§ **TASK DIRECTIONS**:
Every line below from the one with "Warrior - My, Art, Watercolor, Drawing, Artstation" through the one with "Christmas Black and" is to be repeated exactly, with no picture among them.

§ **DATA TO PROCESS**:
BEGIN

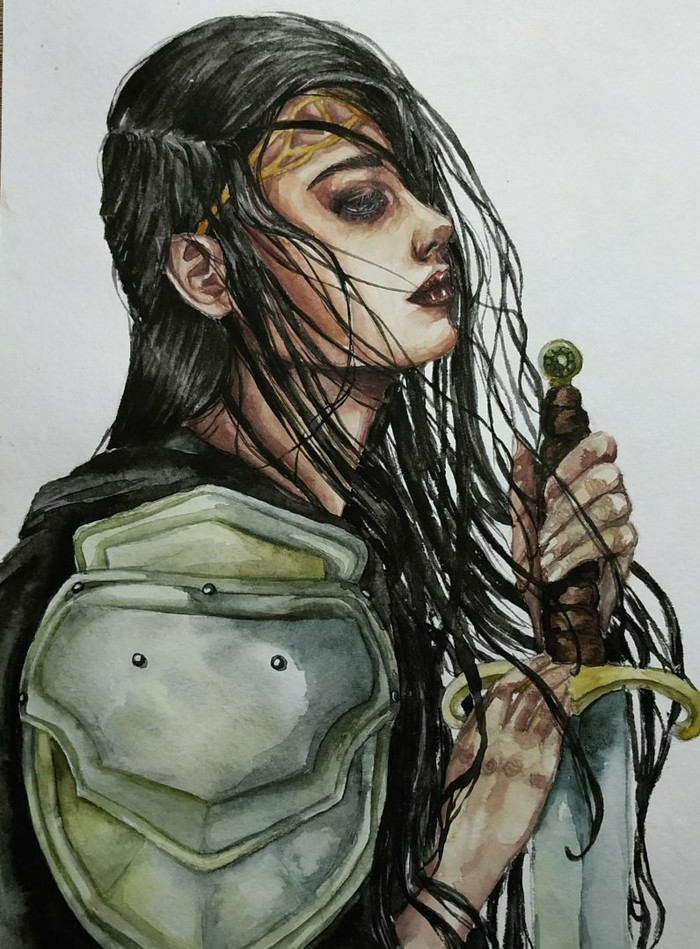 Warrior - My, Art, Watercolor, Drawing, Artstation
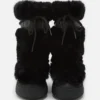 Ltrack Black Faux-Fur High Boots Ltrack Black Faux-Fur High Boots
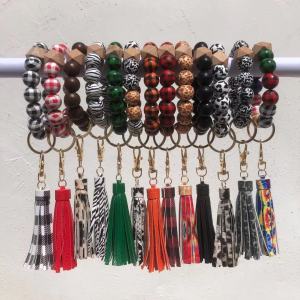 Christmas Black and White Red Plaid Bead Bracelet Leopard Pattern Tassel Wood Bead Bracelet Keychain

END
BEGIN

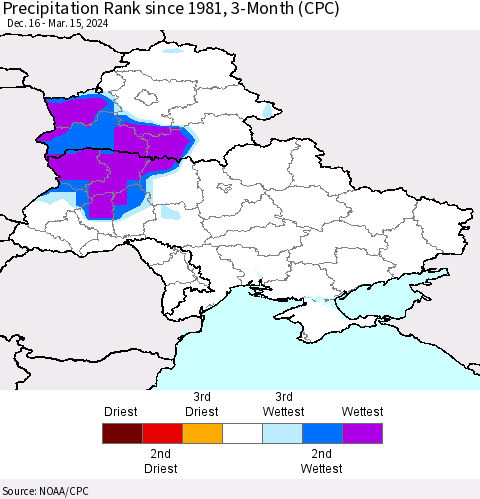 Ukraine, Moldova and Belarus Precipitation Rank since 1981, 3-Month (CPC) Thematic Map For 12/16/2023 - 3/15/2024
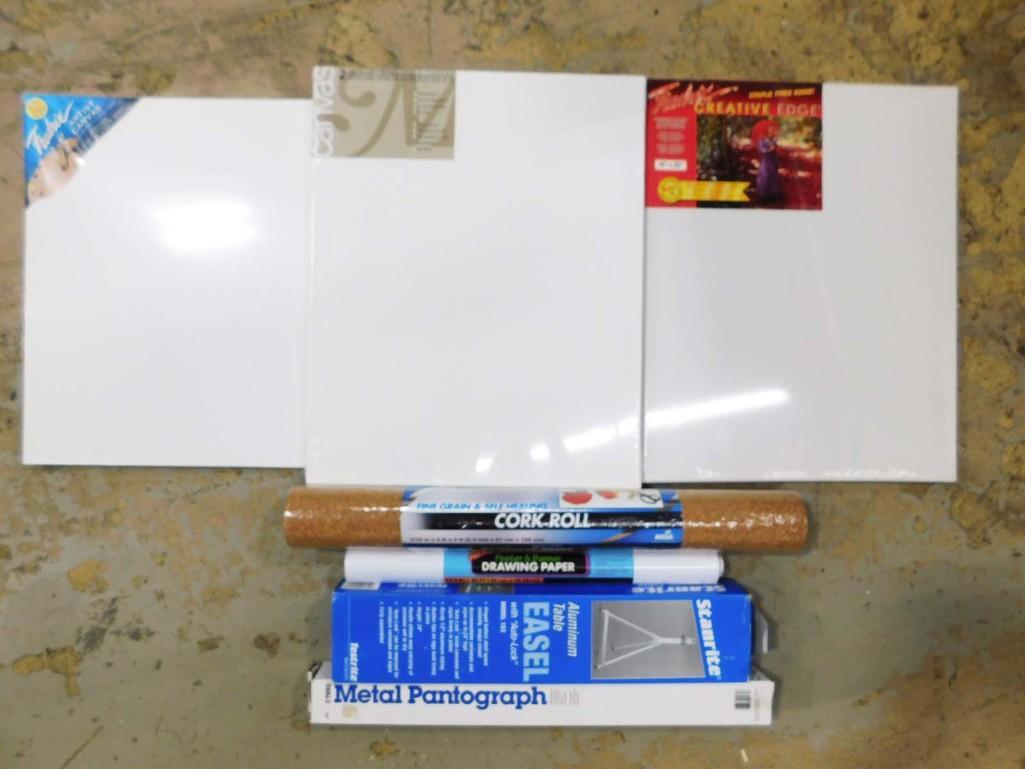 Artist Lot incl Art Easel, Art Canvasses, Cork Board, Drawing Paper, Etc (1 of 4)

END
BEGIN

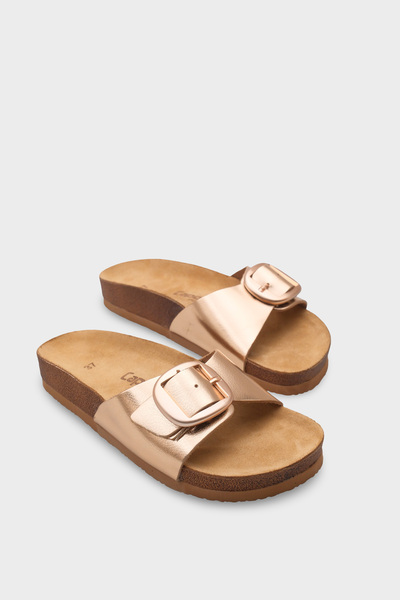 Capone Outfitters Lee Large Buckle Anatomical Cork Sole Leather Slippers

END

§ **THE COMPLETED TASK**:
 Warrior - My, Art, Watercolor, Drawing, Artstation
 Ltrack Black Faux-Fur High Boots Ltrack Black Faux-Fur High Boots
 Christmas Black and White Red Plaid Bead Bracelet Leopard Pattern Tassel Wood Bead Bracelet Keychain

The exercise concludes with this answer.